Keywords

1 Introduction

Modern complex electronic devices are characterized by the growing integration of different functional units such as multicore microprocessors (\(\mu \)P), random access memory blocks (BRAM), digital signal processors, and FPGA fabrics. The integration of these units in the same chip includes a high degree of internal interconnection. Systems based on SoC-FPGA provide a great number of computational services, low latency responses and high throughput online data processing, making them very attractive, if not mandatory, for advanced instrumentation and specialized supercomputing infrastructures [1, 2]. The huge amount of reconfigurable logic and computational resources allow the implementation of very complex systems, which often require remote control from a computer [3,4,5] through a standard communication link such as USB or Ethernet.

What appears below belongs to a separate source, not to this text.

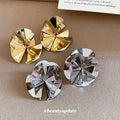 Folded Disc Statement Stud Earrings in Gold and Silver Tone view 4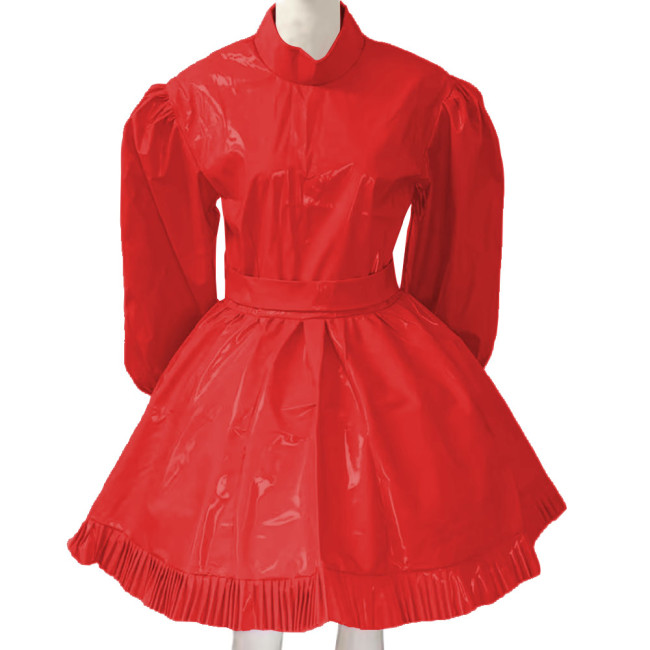 Lockable Sissy French Maid Costume Mens Crossdresser Long Puff Sleeve Patent Leather Lolita Dress Servant Crossdress with Belt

Despite the complexity of these heterogeneous systems, they can be described in a simple unified way by means of an abstract model [6]. It is then possible to implement a suitable hardware/software architecture along with a set of services and remote control activities.

Although there are some commercial solutions for remote control of systems based on FPGA [7, 8], they have severe limitations such as closed sources, limited functionality, and no portability. Furthermore, most of the time SoC-FPGA based system developers implement their custom procedures for remote control. Both commercial and custom solutions are typically incompatible among them due to lack of standards. In order to cope with these problems we propose an open source hardware/software architecture for remote control of systems based on SoC-FPGA.

2 Hardware/Software Architecture

The proposed architecture follows a simple modular approach that foresees the encapsulation of certain aspects that are specific of the target devices, e.g., adopted standard communication links, operating systems, and external hardware.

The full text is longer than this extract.